Takie praktyki niestety się zdarzają i trzeba o tym pamiętać, drugi raz z tej czy innej firmy już nie korzystałem, natomiast inne które produkowały dla Nas dużo więcej na coraz lepszych warunkach.
Nie zawsze początkowa najniższa cena oznacza najlepszą jakość i warto o tym pamiętać.

Prosząc o wycenę nie podawaj nazwy produktu, jeśli istnieje już w sieci.

Projekty komercyjne oznaczają to, że część producentów będzie chciała cię oskubać i zaoferuje dużo wyższe ceny niż dla Janusza, który chce wydać nowy anonimowy produkt dla rodziny i przyjaciół.

Jeśli otrzymasz korzystną wycenę i dopiero potem firma dowie się, że to hit sprzedaży znany na rynku to trudniej im będzie zawyżyć wycenę, bo będą musieli liczyć się ze stratą klienta, który pójdzie do konkurencji gdy zmienią warunki.

Proof – i want to believe.

Zaufanie zaufaniem, ale cokolwiek produkujesz to przed zezwoleniem na produkcję domagaj się minimum proofa cyfrowego.

Jest to próbka wydruku najczęściej z nałożoną siatką(pokazującą zagięcia czy miejsca które zostaną wycięte.

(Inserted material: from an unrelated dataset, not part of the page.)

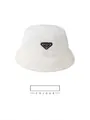 Chapeau bob en peluche blanche pour femme avec logo triangle pour la chaleur d'hiver - Réglable 56-59cm / Blanc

Ma pokazać prawdziwe kolory wydruku, sprawdzić czy wszystko jest ok.

W droższych projektach, które realizuję zawsze proszę drukarnie o wysłanie próbnego produktu kurierem. Za taką próbną sztukę trzeba z reguły dopłacić, opóźnia też nieco całą produkcję ale eliminuje sytuację, gdy coś poszło nie tak.

Jeżeli drukarnia miga się od wysłania próbki albo chociażby dokładnego zdjęcia gotowego produktu to niech wam się zapali lampka ostrzegawcza.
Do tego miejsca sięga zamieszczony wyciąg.